The artificial reefs of C. rhizophorae have also acted as nursery environments for many marine and estuarine species in the Caribbean. These artificial reefs also provide a reproductive substrate for fishes and protect them from predation.

== Contaminant bioaccumulation ==
C. rhizophorae shows a high tolerance to changing environmental conditions, which makes it suitable as a bioindicator in coastal ecosystems. As a filter-feeding species, it consumes phytoplankton and suspended particles, while also incorporating chemical contaminants present in the water. A single individual is capable of filtering approximately 50 gallons of water per day, increasing its probability of accumulating pollutants such as heavy metals, pesticides, and other compounds.

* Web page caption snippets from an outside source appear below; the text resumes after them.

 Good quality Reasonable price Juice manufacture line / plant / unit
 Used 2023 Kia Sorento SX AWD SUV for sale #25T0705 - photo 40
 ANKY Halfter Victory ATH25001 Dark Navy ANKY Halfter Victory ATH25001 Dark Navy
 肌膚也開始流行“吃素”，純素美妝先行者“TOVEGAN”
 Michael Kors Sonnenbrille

Through this filtering activity, C. rhizophorae accumulates pollutants through bioaccumulation, a process in which the concentration of pollutants in marine organisms increases over time as they absorb substances from the environment. This process includes bioconcentration, where contaminants transfer directly from water into tissues. It also involves biomagnification, in which contaminants accumulate through dietary intake, resulting in higher concentrations in the higher trophic levels of the food web. Since seafood is a major source of human exposure to trace elements, contaminant levels in oysters are also relevant for evaluating potential risks to human health.

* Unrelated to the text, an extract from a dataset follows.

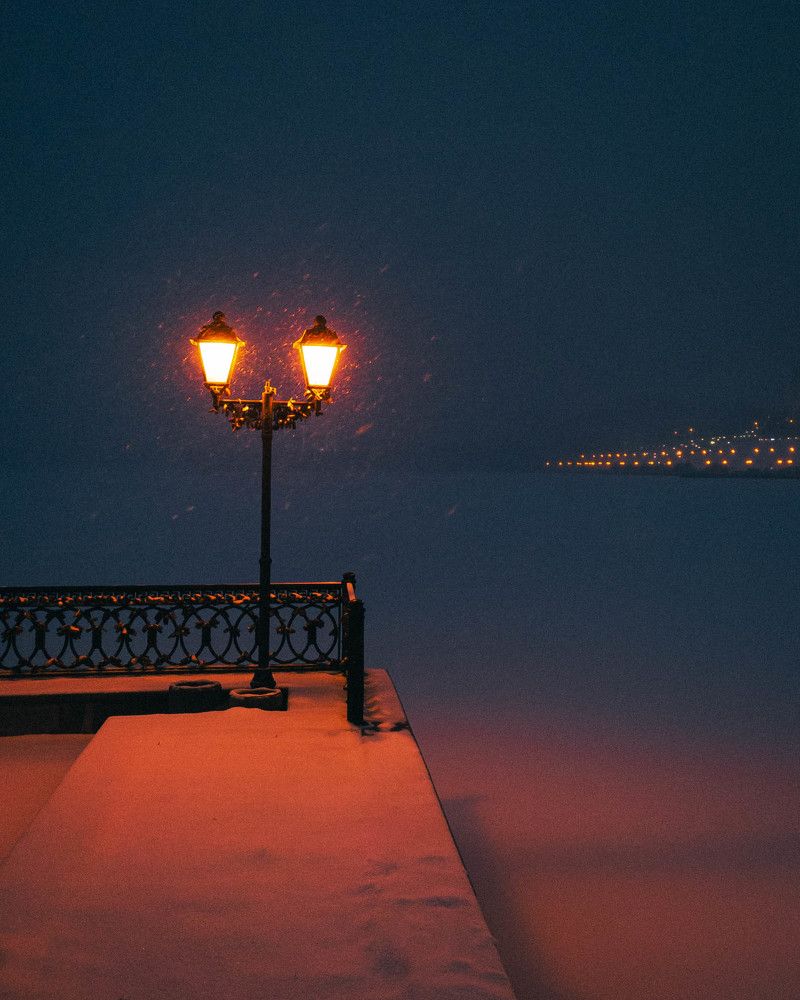 Фотография автора олег романов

Research conducted in Vitoria Bay shows that C. rhizophorae  can bioaccumulate trace elements like arsenic to levels that may be potential risks to human health. The study used accepted risk indicators and found arsenic levels exceeded limits at many stations in the estuary, suggesting the possibility of health effects, including cancer risks over a lifetime. These findings emphasize the importance of understanding bioaccumulation in oysters, including how environmental factors like salinity can influence contaminant uptake and human exposure.

== Ecological services ==
Crassostrea rhizophorae provides several key ecosystem services within tropical estuaries and mangrove systems. Its filter-feeding improves water quality by removing suspended particles and excess nutrients, while its reef structures help stabilize shorelines by trapping sediments and reducing wave energy. Oyster clusters create refuge and foraging habitat for a variety of fish and invertebrates, increasing local biodiversity and adding structural complexity to the seascape. These reefs also support seafood production by enhancing populations of recreationally and commercially important species. In addition, oyster growth and reef formation contribute to carbon sequestration and can stimulate primary production in surrounding waters.